I am having problems getting my head around the technical/practical side of things.. as follows:

When I finish my course we are moving back to the South East for OH's job (computer programmer). He is commited to the company and is the last man standing after redundancies of 9 people, now he has shares in it and him and his boss are in the process of trying to both sell and develop further computer systems for a particular industry. He has been working from home in Manchester for 1 year whilst I do this masters- but his boss wants him back.

When we move I will need to find a job relevant to my degree, and now I drive I have more options as to where, but I HATE commuting, dislike London, sorry- the crowds, tube, everything and am unsure where exactly I will work (I may apply everywhere in country).

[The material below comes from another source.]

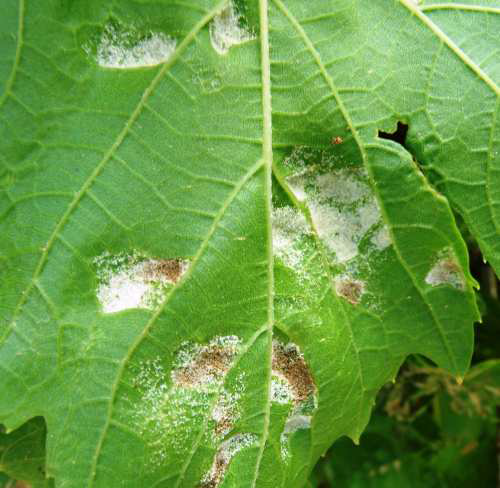 peronosporos ampeli leykes eriwdeis trixes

I have always wanting to bring up children in the North, as I am Northern and my parents are up here, so we would want to move back up North when/after I become pregnant. The North is the only area of the country we could afford aswell.. In terms of work, I want to be a SAHM for a while- maybe 2 years, but feel like I need to get back in the workforce as I dont have as much relevant work experience as other people. So it seems I will be working FT when in the South with OH and saving money to buy in the north, but then once we buy a house (and maybe we get married, maybe not its less important to me now) I will want to move back (his work permitting) and get prey/have baby etc. IF we do that though, I will be trying to get a PT job when I have a toddler, in a company that isnt the one I will have been working in FT down South.. I cant get my head around what is the best thing to do/is there a way around it? I suppose we could move down, work FT for a while, keep his boss happy yet I look for work up north along with a house, then buy and move, me work FT in the north whilst trying to get preg, then get mat pay and reduce hours PT????? Its just that OH's boss can be a bit 'difficult' even though with his job he can technically work anywhere in the country, and from home, he likes him close by. OH's industry is clustered in Berkshire, London and near Manchester (Stockport area) so he could find relevant work here, it just wouldnt be as well paid (he gets a nice salary atm)

I am SO SORRY I wrote so much!!! Anyone have any thoughts?

I know this is a lot of planning, am sometimes I dont plan things AT ALL, but I feel like something like this really needs to be worked out and I need to come up with an initial 'best plan', even if that does change further down the line.

twinklestar2 Thu 02-May-13 22:40:02

Thanks crazyhead - the irony is me and OH met when we were 23!!! Spent our 20s building careers and studying. Married at 32 and started ttc straight away. Now 34 and still nothing!

twinklestar2 Thu 02-May-13 22:42:19

Muddy - me and oh needed to have a strong relationship to go through what we're going through. It really takes it out of you this long term ttc, doesn't it?

twinklestar2 Thu 02-May-13 22:46:41

Lolly - that's a lot of plans! I hope it all works out the way you want it to. Good luck.